Kernel panic: VFS: Unable to mount root fs on hda3

My /dev/hda3 is my root partition with ReiserFS, all the latest tools installed, and with Resier support built right into the kernel....

Any thoughts?

----------

## Corw|n of Amber

Maybe you have an "initrd" line in your grub.conf or lilo.conf? Remove that.

It will kill the bootsplash, but at least it boots.

I had that problem, solved it that way.

Edit : I assume you included ReiserFS support in your kernel, passed the right arguments to it in the bootloader's configuration, ...

----------

## bhartin

One more thing to check...

Have you tried removing the second CPU and booting with just one?  Then try the other CPU alone after that.

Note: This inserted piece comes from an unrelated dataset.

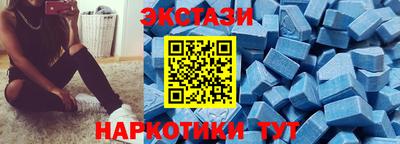 дурь Ливны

My dual system is actually a pair of Athlon XP 1700+ procs, NOT MPs.  The motherboard (Tyan Tiger MP) and both the motherboard and, thus, the Linux kernel report them as MP processors.

BTW, this particular setup, as I said before, is rock-solid stable.

----------

## SpectreCS

Well, I'm not quite sure if I want to remove my procs one by one, I remember while assembling it, the heatsink/fans was a real b**ch to get on. Also, these are both MP 2400 straight out of the plastic from AMD, so I'm assuming these are genuine MP's. 

I think I'm going to start my own thread seeing since I kinda took over someone else's

----------

## bhartin

 *SpectreCS wrote:*   

> Well, I'm not quite sure if I want to remove my procs one by one, I remember while assembling it, the heatsink/fans was a real b**ch to get on. Also, these are both MP 2400 straight out of the plastic from AMD, so I'm assuming these are genuine MP's. 
> 
> I think I'm going to start my own thread seeing since I kinda took over someone else's

 

Ahh okay, you shouldn't worry about it then.  Those AMD bubblepacks are such a MAJOR pain in the ass to open, I can't imagine anyone switching the procs without being obvious.

----------

## SpectreCS

I've started my own thread specific to my system here:

https://forums.gentoo.org/viewtopic.php?t=129258

if there is any helpful responses there, I will relay all relevant info to this thread as well.

----------

## kybber

Thank you all for your very helpful answers. I have so far not even considered the PSU as a potential source of the problem. But the PSU that I have is 360W, so if you are having problems with 450W supplies, then that is definitely a factor.

I have also detected that a sure way of killing the system is by running burnK7 (in the cpuburn package) and at the same time obtaining temperature information with mbmon. I dies almost every time I start 'mbmon -c 1'

I tried running two burnK7 processes at a time so as to fill both CPUs. The temperature then rose to above 70 C within 10-20 seconds and the mainboard alarm went off. I therefore conclude that cooling is also a significant factor here.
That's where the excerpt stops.